The only reason I can think that this concept has permeated high school mathematics education is that there are methods in calculus for finding particular limits where either the numerator or the denominator are rationalized in order to solve the problem.  But, whatever the reason, the fact remains that this is regularly taught in high school.  In fact, my own algebra and calculus teacher taught me that I should rationalize denominators.  For a time, I actually believed that there was a reason for this.  Then, I went to college and discovered that it's completely meaningless.

So, if you're reading this post you're probably thinking to yourself "This can't really be about math, so what are you getting at?"  You're right.  This is an analogy.  Just as rationalizing the denominator is harmless and yet completely useless, so too are many religious practices.  And just as I, and most college math instructors, work really hard to undo the brainwashing done by high school math teachers, so too do atheists work hard to undo the brainwashing of religious leaders.

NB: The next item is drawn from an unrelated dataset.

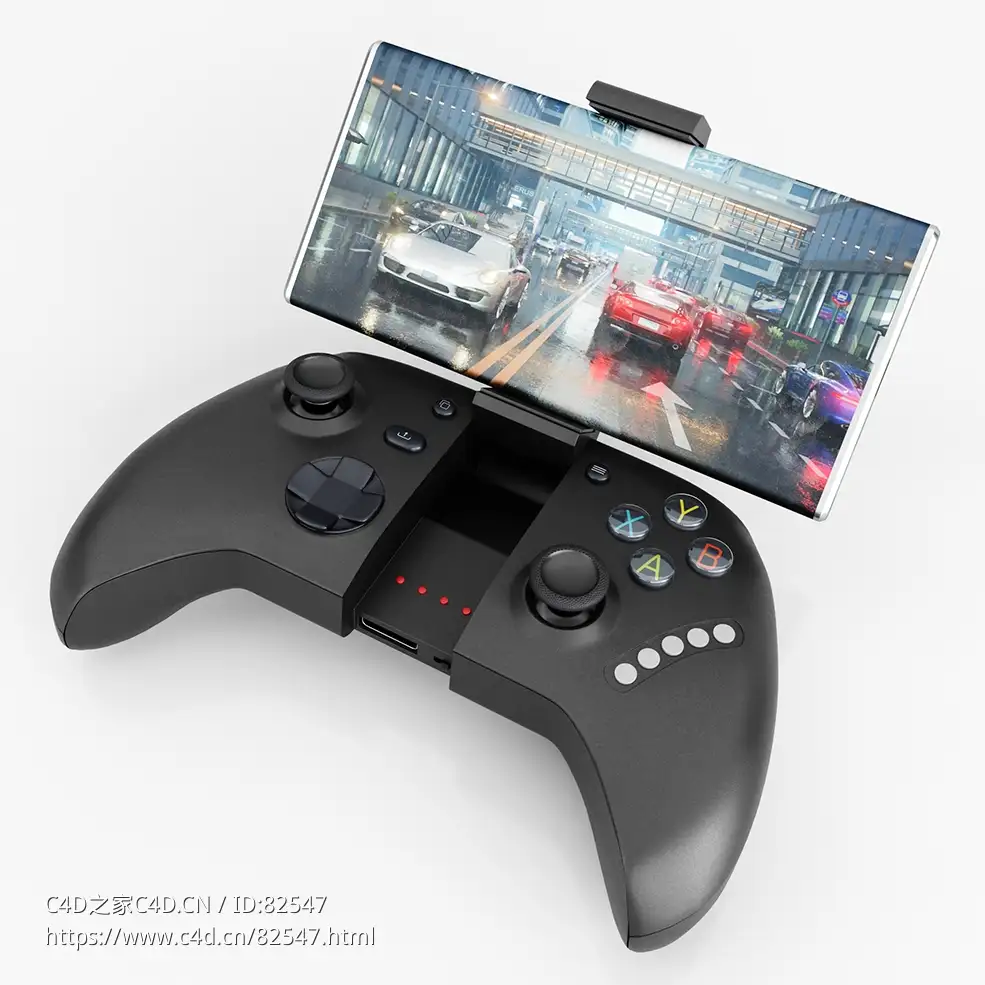 c4d手机支架游戏手柄Pad Smartphone数码产品模型下载 - C4D之家 - 7.jpg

Consider, for example, the religious practice of prayer.  Unless you mean to discuss a really radical religion or really strange prayer practices, this ritual is completely harmless.  Normally it consists of one or more people together with one or all of them speaking or thinking words in their head, expecting that these words will reach a deity who will then perform some action based on the prayer.  In all of my years as a believer, in all of the thousands of prayers that I have participated in, I have yet to see a single one which has any effect other than to comfort people.  Surely, there is no harmful effect of prayer.  However, there isn't any effect at all.  It's merely a waste of time.  Just like rationalizing a denominator, you're welcome to do it, but it's meaningless.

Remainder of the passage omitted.